Edzer Oosterhof (MSc)Analysis and Optimization of Air Traffic Bunching for the Area Control Center

With the current growth in air traffic and the resulting developments in terms of environmental issues and noise abatement, the pressure on the Area Control Center (ACC) is growing. On the one hand the Terminal Control Area (TMA) requires arriving traffic to be handed over accurately sequenced and merged, and on the other hand the ACC tries to minimize the miles flown in its sector. At the tactical level, there are Air Traffic Flow Management (ATFM) measures in place for traffic within Europe. However, no such tactical measures exist for traffic from the North Atlantic Tracks, increasing the probability that bunching occurs in the ACC during peak loads. By tactically predicting bunching in the sector and at the Initial Approach Fixes, a concept for debunching should be devised that focusses on airborne delay consumption and sequencing of traffic in the Upper control Areas (UTA) before it enters the Control Area (ACC), decreasing the pressure on the ACC.

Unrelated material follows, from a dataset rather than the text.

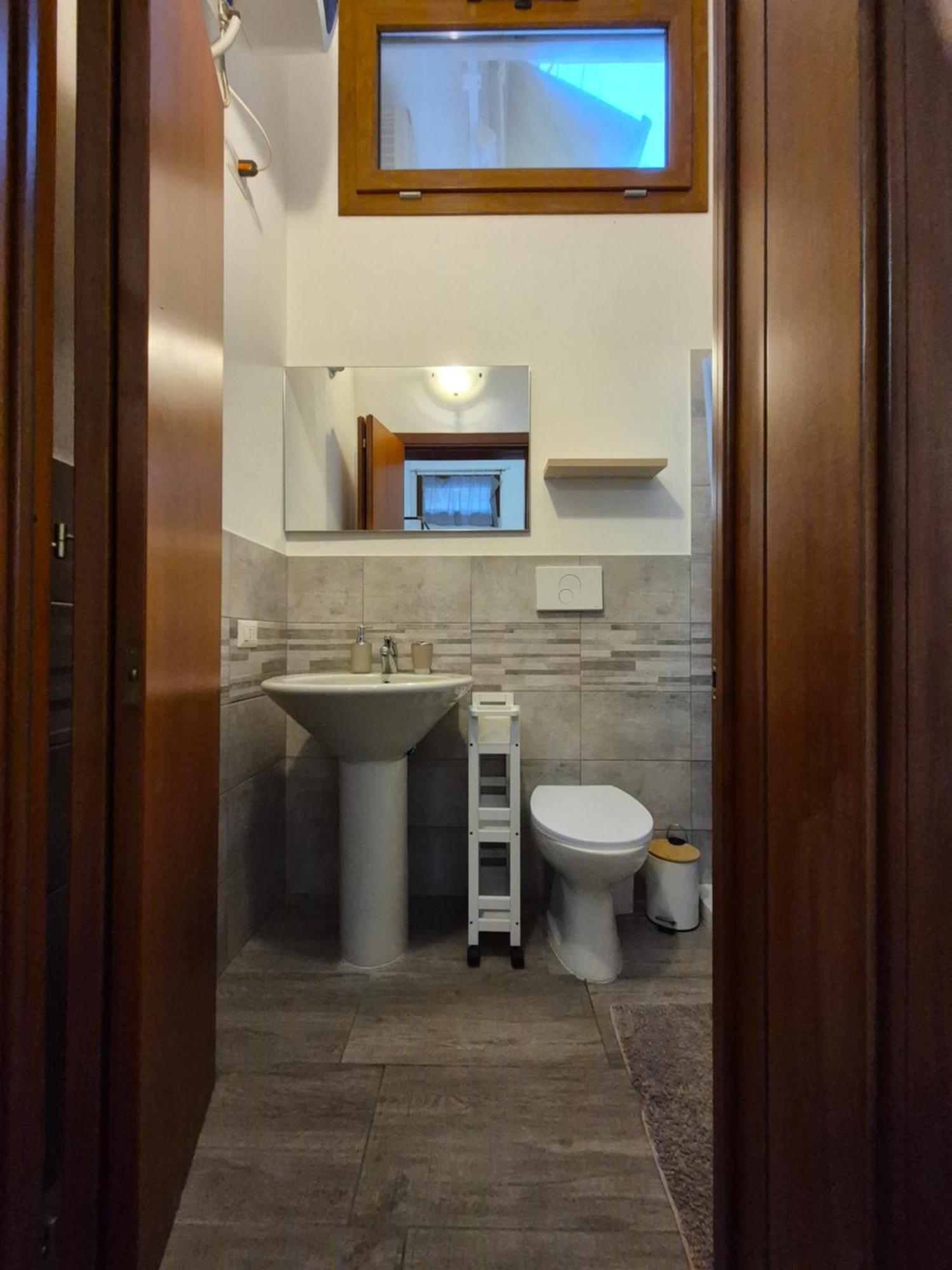 Casa Vacanza Monoboito Quartu SantʼElena Esterno foto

Stephanie Wiechers (MSc) – Visual Interface to Support Improved EAT Adherence at IAF when Holding

As Schiphol is one of the busiest airport in the world, with tight flight schedules and urban areas that lie under arrival routes, adherence to the time planning is very important. When extreme weather conditions cause delays over the entire arriving fleet, holding stacks are installed at the three Initial Approach Fixes (IAFs) around Schiphol. In the current operational environment, little support is offered to the holding stack controller (ACC) to gain an overview of the effects of speed and wind on the turn times and difference between inbound and outbound leg velocity. With increased support, the controller will be able to make decisions based on representative information and with that, deliver inbound aircraft to Approach (APP). The (expected) resulting increased EAT adherence should lead to more orderly traffic in the TMA, improving capacity and workload.

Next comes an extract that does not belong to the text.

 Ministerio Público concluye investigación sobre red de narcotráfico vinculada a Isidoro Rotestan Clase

Janjaap Wijnker (BSc)Evaluating the accuracy of information provided by the (D-1) OPS plan

In early 2020 LVNL implemented the OPS plan with the objective to improve the alignment of traffic demand with available capacity. This can be achieved by improving the predictability of the operations and make this transparent and accessible for the stake-holders. Every day the PRE-TACT unit develops an OPS plan for the following operational day. The plan contains two types of information, external factors that might impact the capacity, and recommendations for the most optimal operations. The recommendations are based on the external factors, for example the predicted traffic demand and weather forecast. These two factors contribute to the configuration of runways, and the runway selection determines the required capacity. In order to for LVNL to improve possible deficiencies of the OPS plan, the aim of this research study is to evaluate the accuracy and precision of the predicted traffic demand. The analysis focusses on the difference between predicted and actual traffic demand on a 20 minute resolution. In addition, the implications of factors contributing to the proposed runway configuration will be assessed since the use of different runways could have a significant impact on the capacity.

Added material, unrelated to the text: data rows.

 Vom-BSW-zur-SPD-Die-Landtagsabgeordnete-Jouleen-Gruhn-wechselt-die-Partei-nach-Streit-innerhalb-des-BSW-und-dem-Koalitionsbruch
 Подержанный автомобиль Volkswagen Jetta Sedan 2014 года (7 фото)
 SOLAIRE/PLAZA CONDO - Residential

Christophe Vakaet (MSc) – Taxi Time Prediction with Classical and Auto Machine Learning at Schiphol Airport

Ground control uses the Departure Sequence Planner (DSP) to optimally plan departures within the operational constraints. The DSP uses an estimated Variable Taxi Time (VTT) to calculate an aircraft’s Target Take-Off Time (TTOT). If the VTT is underestimated flights will not make the determined TTOT, while an overestimation requires the air traffic controller to tactically hold an aircraft. These consequences result in delays, capacity losses, additional workload, and uncertainty. This uncertainty inhibits further operational optimizations. The VTT is currently predicted based on the average taxi times for different gate-runway combinations, wake turbulence categories, deicing procedure, and simplified runway configuration. The goal of this project is to improve VTT predictions by employing machine learning techniques and additional data sources such as traffic density, weather, aircraft type, and more.